No todas las páginas de la Chesterton han envejecido igual de bien. Algunos análisis de política interior y exterior, releídos con la perspectiva de hoy, nos resultan ingenuos. Hay problemas que entonces parecían montañas y resultaron ser granos de arena, y viceversa. Sin embargo, tratándose de una revista de actualidad, es loable el alto porcentaje de artículos que tres lustros después nos siguen pareciendo actuales y atinados.

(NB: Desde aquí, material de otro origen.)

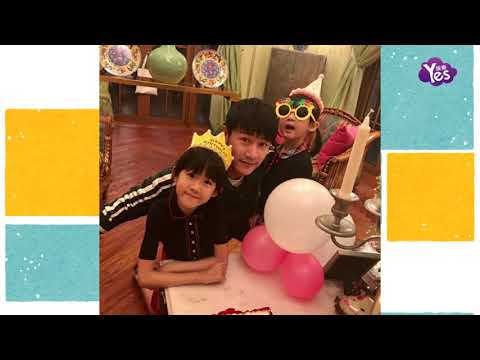 【2年前】貝兒九歲啦！陸毅一家為大女兒慶生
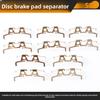 New national standard disc brake pads for electric vehicles, spring brake pad separator, caliper spring plate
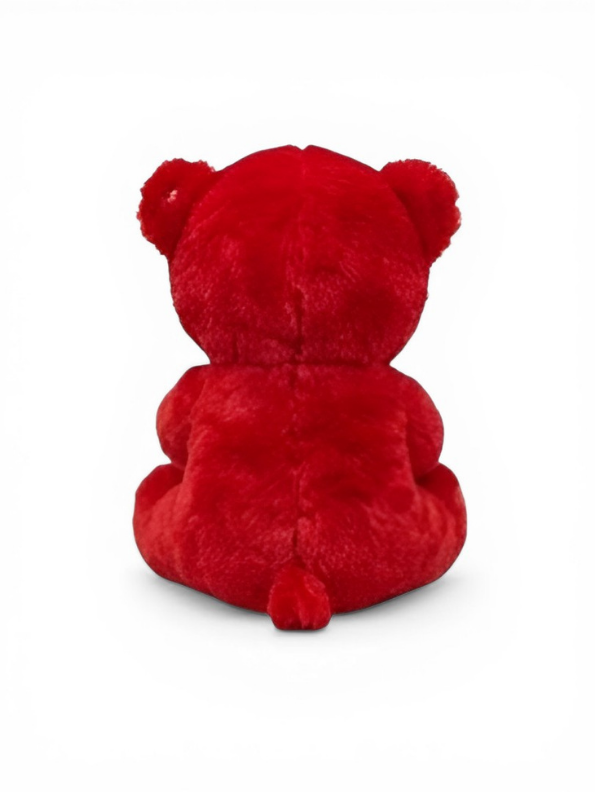 21cm Plush Teddy Bear with Heart – 'Love' Embroidered Soft Toy Red ST16166.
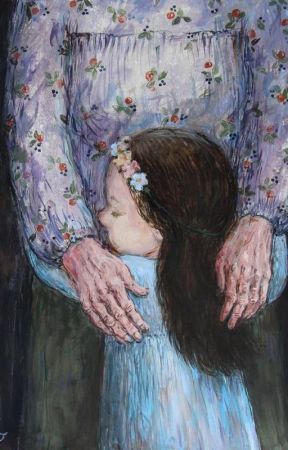 Hug Illustration, Mother Daughter Art, Mother Painting, Modern Postcard, Art Mignon, Mother Art, Mom Art, Family Illustration, Art Et Illustration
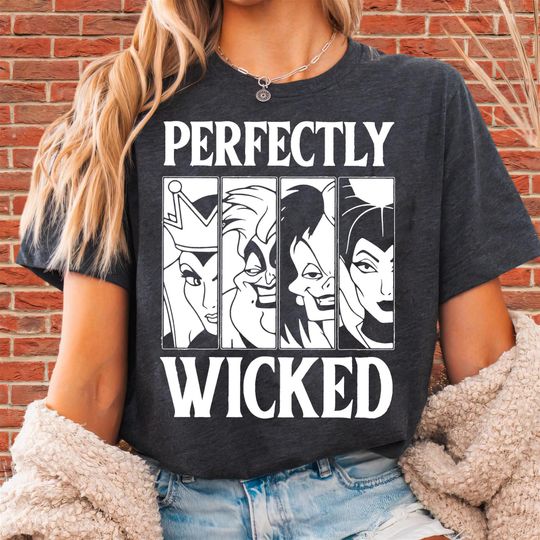 Discover Perfectly Wicked Disney Villains T-Shirt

Quizás porque la dirección nunca cayó en la tentación de quedarse en el mero antizapaterismo entonces de moda, una tendencia tan insuficiente y escasa de contenido como el antisanchismo de hoy, y buscó ideas y argumentos en fuentes más sólidas del pensamiento conservador.
Generación Chesterton
Pese a todas estas virtudes, llegó el triste desenlace: la empresa bajó la persiana en 2008, solo un mes después de celebrar su primer cumpleaños. Al margen de las razones financieras -era una revista impresa en papel de alta calidad, a todo color y con muchos colaboradores, justo cuando se avecinaba tormenta en la economía-, nunca tuvo padrinos poderosos que la arroparan en momentos de debilidad. En uno de sus números planteaba una objeción frecuente: que un proyecto así tenía que estar financiado «por la FAES o por la Iglesia». La respuesta era honesta: «Aspiramos a tener magníficas relaciones con todos los grupos, fundaciones, empresas e instituciones afines; pero somos independientes. Nuestros accionistas son personas físicas, no jurídicas». Esta falta de palancas institucionales, que le dio una libertad poco común, fue también una de las causas de su acelerado final.

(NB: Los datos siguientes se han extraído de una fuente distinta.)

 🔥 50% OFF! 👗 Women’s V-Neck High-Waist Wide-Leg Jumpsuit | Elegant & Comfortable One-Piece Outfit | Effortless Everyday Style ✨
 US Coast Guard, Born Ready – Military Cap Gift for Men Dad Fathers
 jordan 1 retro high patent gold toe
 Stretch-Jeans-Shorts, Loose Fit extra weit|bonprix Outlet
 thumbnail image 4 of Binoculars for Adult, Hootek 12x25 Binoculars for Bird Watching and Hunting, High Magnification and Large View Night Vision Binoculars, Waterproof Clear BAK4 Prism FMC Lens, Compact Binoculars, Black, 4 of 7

Desde entonces, la huella de la Chesterton ha sido notable en el panorama mediático conservador, unas veces de forma evidente -muchas de sus firmas, por ejemplo, participaron poco después en el éxito de Intereconomía- y otras de forma más sutil. La cabecera, de hecho, tuvo una segunda etapa como revista del Club de Amigos de Intereconomía, y La Gallina Ilustrada resucitó para volar sola por un tiempo, hasta que la mató la pandemia. Más allá del trasvase de colaboradores, hay un «toque Chesterton» fácil de identificar pero no tanto de imitar, y yo creo que en Revista Centinela, entre otros medios actuales, se pueden encontrar algunas de sus trazas: amenidad, enfoque multidisciplinar, alergia a la pedantería, flexibilidad de formatos…

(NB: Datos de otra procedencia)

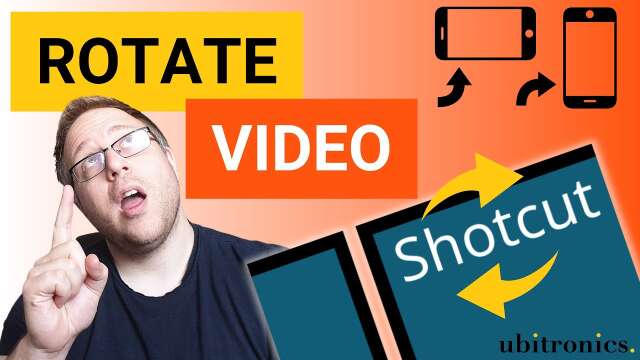 How to Rotate a Video in Shotcut | Shotcut Rotate Tutorial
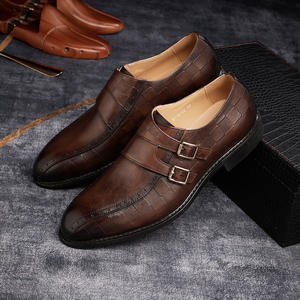 Brook Embossed British Business Casual Leather <b>Shoes</b> Glossy Thick <b>Soles</b> Enhanced Handcrafted Color-Painted Men's Autumn Leopard - Product Image 2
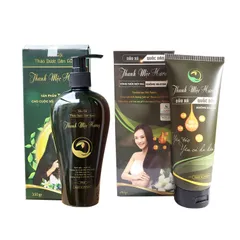 Bộ Dầu Gội Xả Thanh Mộc Hương Giảm Rụng Tóc và Gàu - Chiết Xuất Thiên Nhiên, Phục Hồi Tóc Hư Tổn, Dưỡng Ẩm Tóc Mềm Mượt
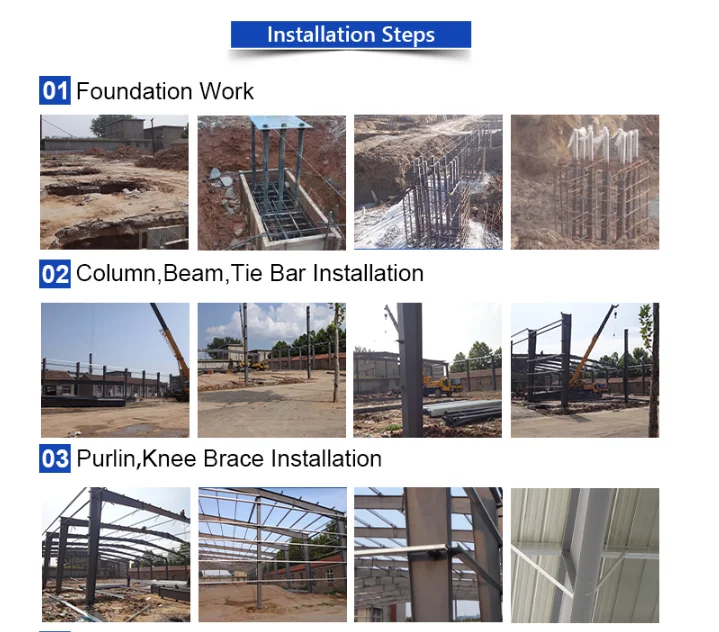 Prefab industrial steel structure warehouse steel structure storage metal warehouse building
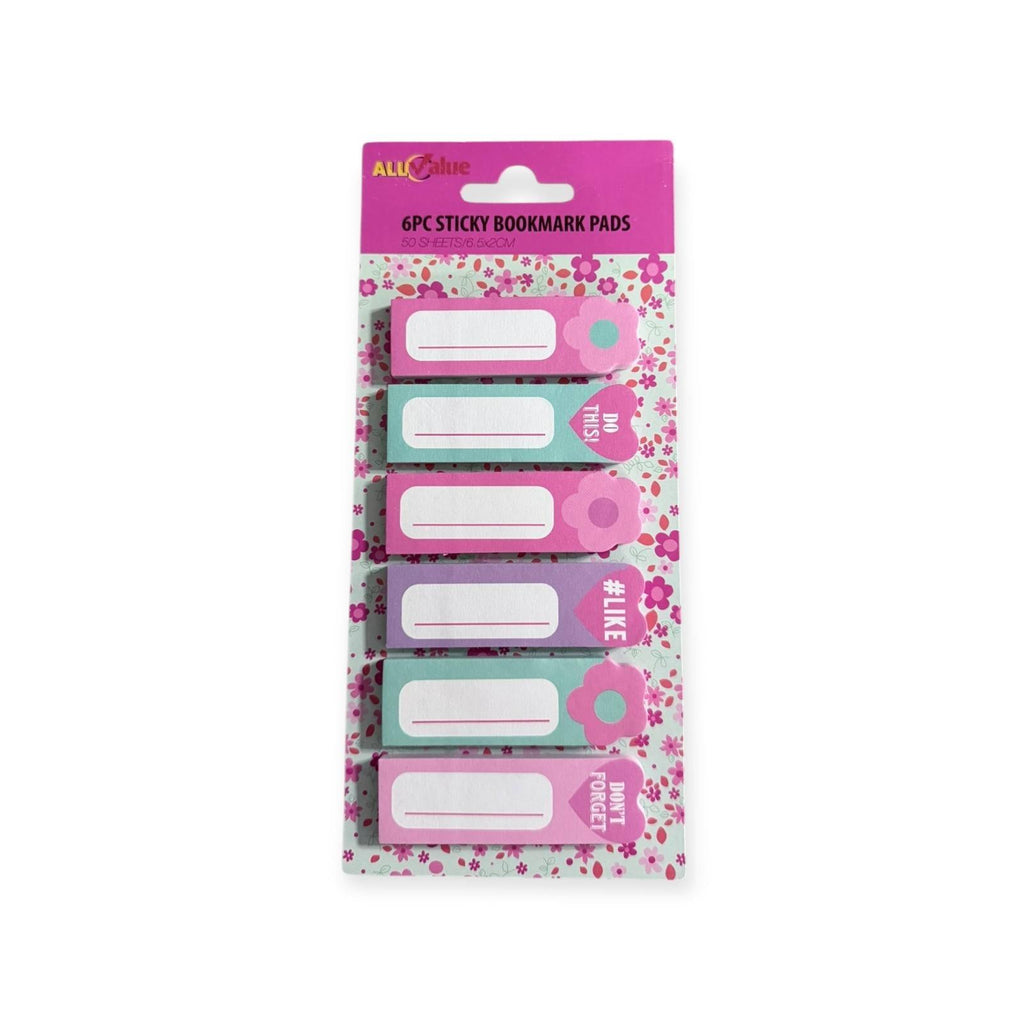 All Value - 6pk Notas Adhesivas para Marcapáginas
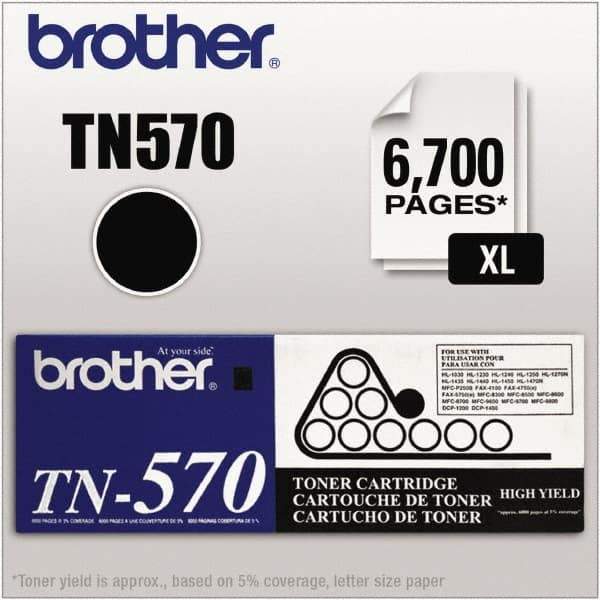 Brother - Black Toner Cartridge - Use with Brother DCP-8040, 8045D, HL-5140, 5150D, 5150DLT, 5170DN, 5170DNLT, MFC-8120, 8220, 8440, 8640D, 8840D, 8840DN - Eagle Tool & Supply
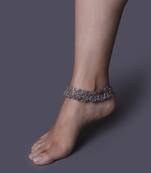 German Silver Anklets With Ghungroo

En una entrevista, Esperanza Ruiz me preguntó, a la vista de nuestras referencias culturales compartidas, si yo había sido también un joven lector de Chesterton y un oyente precoz de la COPE. Sus dos deducciones eran ciertas, pero, para ser justos, a la primera le debo más que a la segunda. Saqué de sus páginas grandes sugerencias literarias, me enganché a algunos autores que sigo leyendo allá donde escriben y aprendí a pensar y a argumentar mejor. Todo eso a una edad en la que los referentes hacen mucha falta. Juro que la razón principal de este artículo es precisamente esa, la gratitud, y no la de hacer méritos para que Fúster me mande un ejemplar del primer número, del que me consta que le quedan algunas copias. Aunque admito, ejem, que me apetece mucho completar la colección.